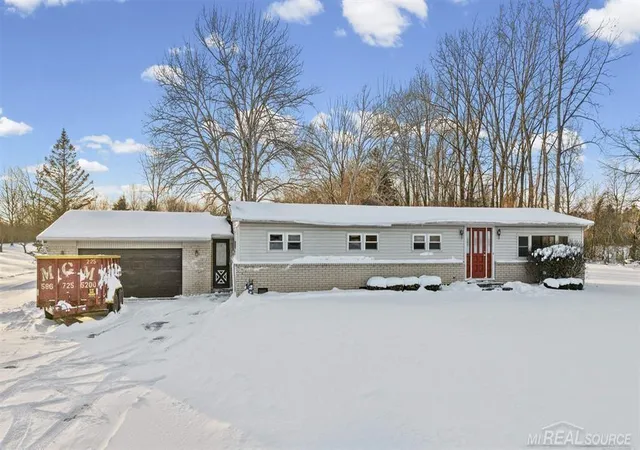 4th image of 69455 Hicks Rd, Armada, MI 48005 | MLS# 58050215832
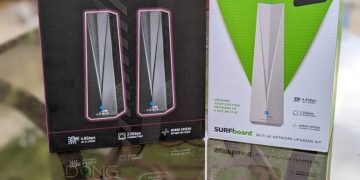 ARRIS W6B SURFboard THRUSTER Gaming Acceleration Kit vs ARRIS W6U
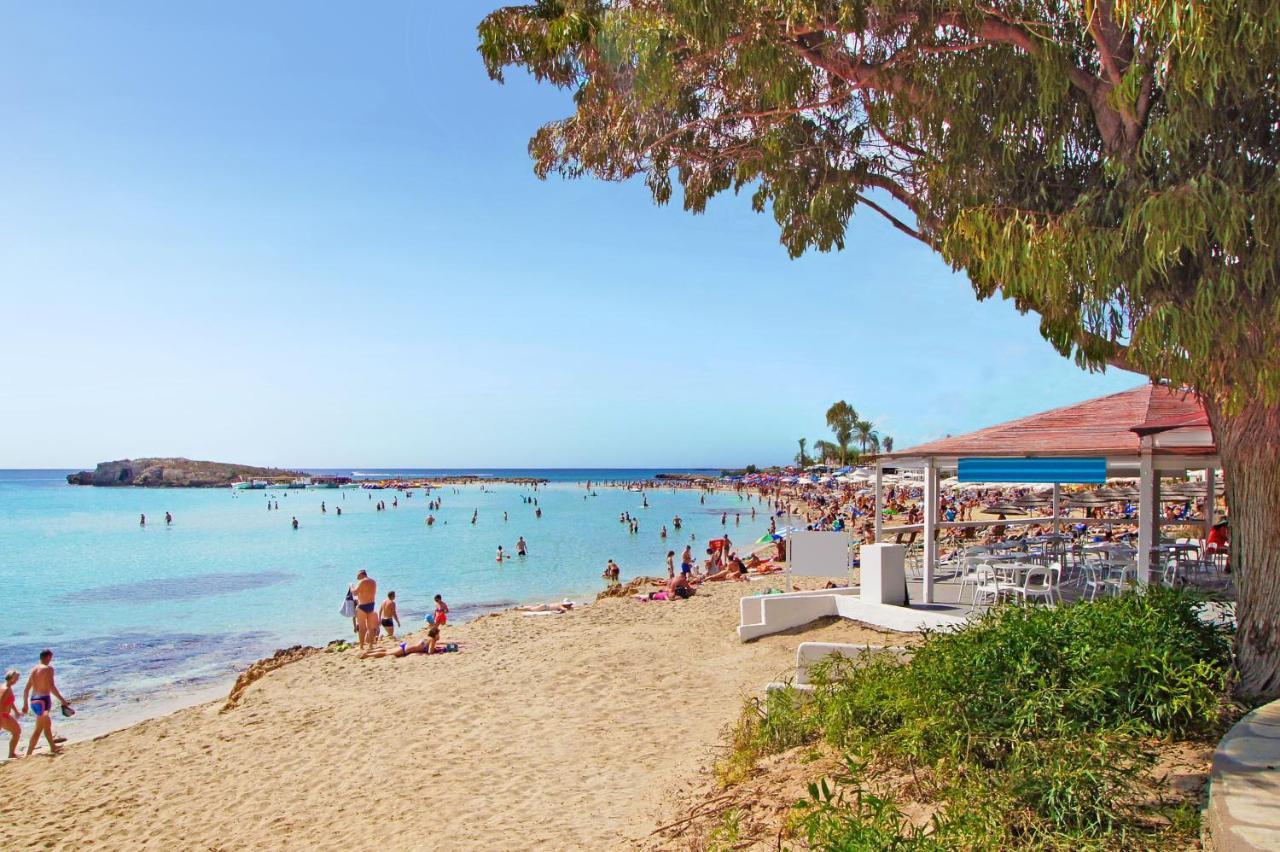 Nissi Sapphire Villa Agia Napa Buitenkant foto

* * *

◆ TASK: Pictures in the listing above must be skipped; everything else should be copied exactly.

◆ ANSWER TO THE PROBLEM:
 4th image of 69455 Hicks Rd, Armada, MI 48005 | MLS# 58050215832
 ARRIS W6B SURFboard THRUSTER Gaming Acceleration Kit vs ARRIS W6U
 Nissi Sapphire Villa Agia Napa Buitenkant foto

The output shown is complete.